1. Summary of the impact

The University of Reading holds the world’s largest archive of materials relating to the Irish author Samuel Beckett. Beckett is acknowledged to be a canonical writer of the twentieth century; his work transformed the creative landscape of the modern world and his unique and experimental methodologies provide powerful inspiration for the artists who follow him. The Reading Archive contains many of the building-blocks of Beckett’s artistry. Through an innovative programme of creative projects, the Samuel Beckett Research Centre (SBRC) has drawn on the world-leading research of its members to (1) encourage creative practitioners to develop new ways of working inspired by the experimental aesthetics of Samuel Beckett; and (2) through the resulting theatrical ventures, raise awareness and profile of the Beckett collection as an asset for local, national and international communities.

2. Underpinning research

The Samuel Beckett Research Centre (SBRC) was established at the University of Reading in 2016. It has grown out of collaborative research between Matthews, Nixon and Carville and acts as a central hub for international research and ongoing creative engagements with the works of Beckett, representing Reading’s unique resources and expertise.

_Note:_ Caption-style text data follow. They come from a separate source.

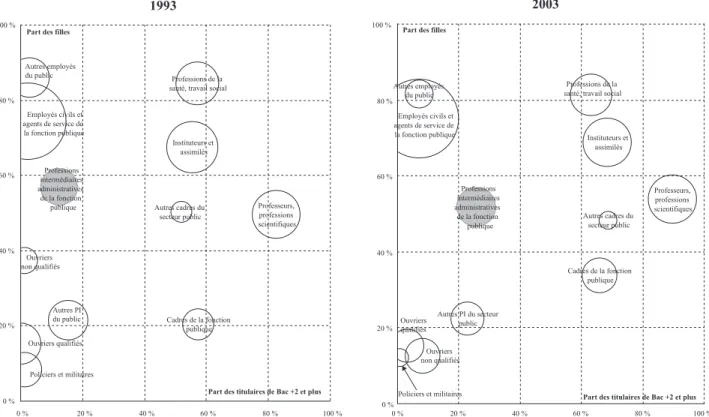 Graphique 1 : Les professions intermédiaires administratives de la fonction publique dans l’espace du salariat  public en 1993 et en 2003 selon le niveau de diplôme et le sexe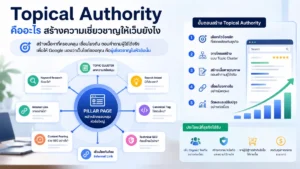 Topical Authority คืออะไร สร้างเว็บให้เชี่ยวชาญจริง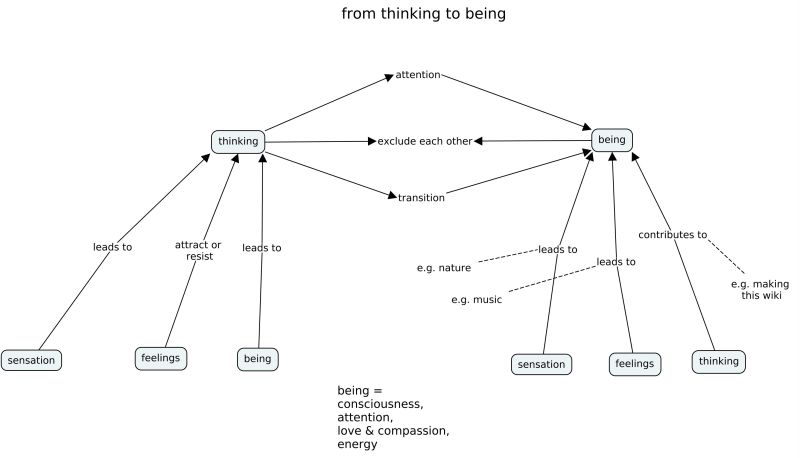File:From thinking to being.jpg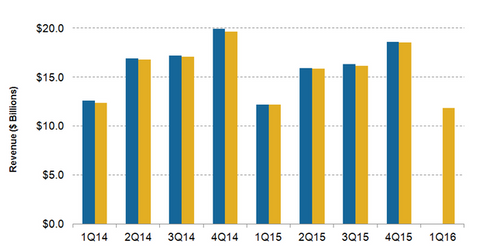 uploads///PEP Q Sales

It has engaged new participants and partners including the British Library (output 1), Trinity College Dublin (output 2), the National Gallery (London), the Wallace Collection, and the National Gallery of Ireland (output 3), plus the Harry Ransom Research Center (output 4). Through these and other partnerships, the SBRC has developed a range of creative, traditional and digital initiatives to grow local, national and international awareness and engagement with the works of Samuel Beckett. The Beckett Archives originated from an exhibition held at Reading in 1971, organised by Professor James Knowlson, OBE. Beckett and his friends donated material for the exhibition, which formed the nucleus of the archive. Beckett continued to support the collection until his death in 1989, donating manuscripts and other items including Livres d'Artiste and paintings by his friends Gerr van Velde, Henri Hayden and Avigdor Arikha. The late film director Anthony Minghella named Reading's Beckett Archive one of the “best-kept arts secrets in Britain” ( The Observer, 17 September 2006) and the SBRC’s mission is to fully realise the archive’s potential.

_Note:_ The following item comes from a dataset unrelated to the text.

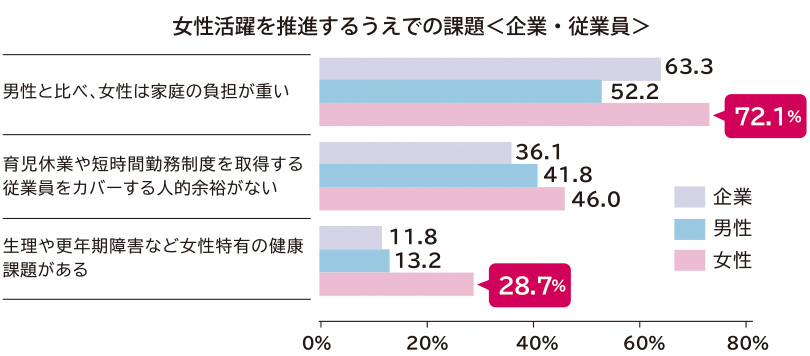 女性活躍のネック　グラフ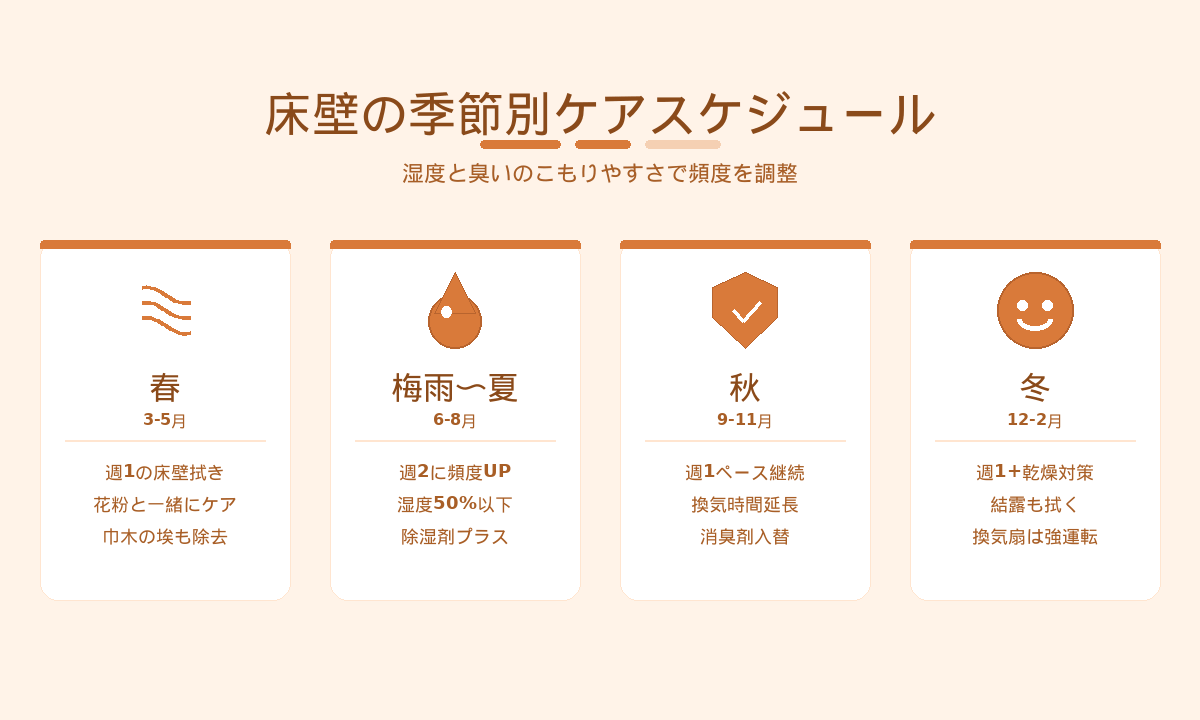 トイレ床壁の季節別ケアスケジュール｜春夏秋冬の頻度調整とポイント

The Centre’s reputation for its research and archive and the creative research practice of Matthews and Carville led to a donation from a philanthropic sponsor to establish three ‘Creative Fellowships’ using the Beckett Archive. Matthews’s experience as the inaugural poet in residence at the Oxford Museum of Natural History (2016) and his work with the Wordsworth Trust on the volume “Ceaseless Music” engaged the idea of generating new creativity out of the otherwise scholarly context of working with archives (output 5).

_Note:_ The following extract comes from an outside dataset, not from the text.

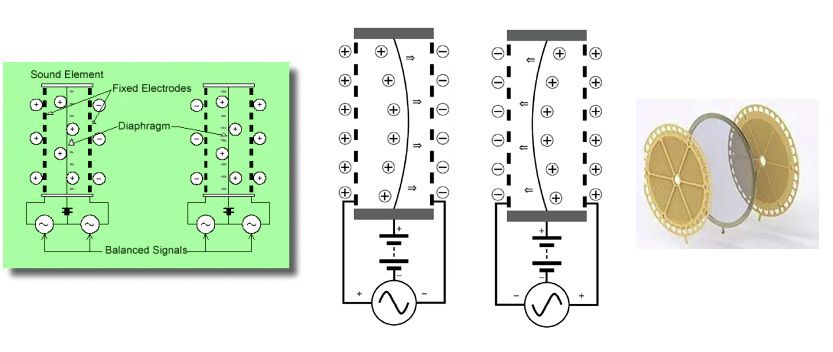 Wirkungsweise eines elektrostatischen Kopfhörers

Inspired by the Beckett Archive, the underpinning research has developed particular strengths in archival enquiry and Beckett’s interdisciplinary intersections with philosophy and the arts. Matthews’ Beckett research has focussed on the author’s connections to philosophy, which has come together in the 2020 edition Samuel Beckett’s Philosophy Notes, co-edited with Matthew Feldman (output 2), which draws on the Beckett Archive at Reading and manuscripts held at Trinity College Dublin. Carville’s interest in Beckett’s knowledge of the visual arts was inspired by the “Art Notebook” manuscript and the German Diaries held in the Archive at Reading. His 2018 book Samuel Beckett and the Visual (output 3) draws heavily on these two manuscripts, along with the “Human Wishes” and “Ohio Impromptu” manuscripts, and many more. Carville’s recent work on Patrick Magee, which resulted in a 2020 article for Studies in Theatre and Performance (output 1), draws on the taped interviews with Magee held in the Archive. Nixon’s research specialises in Beckett’s manuscripts. Nixon is co-director of the Beckett Manuscript Digital Project, a joint research programme between the Universities of Reading and Antwerp, a venture which won the Modern Language Association’s biannual prize for a Bibliography, Archive, or Digital Project in 2018. Nixon’s research has resulted in a number of publications including an annotated edition of Beckett’s “Echo’s Bones” (output 6) and “German Diaries (output 4).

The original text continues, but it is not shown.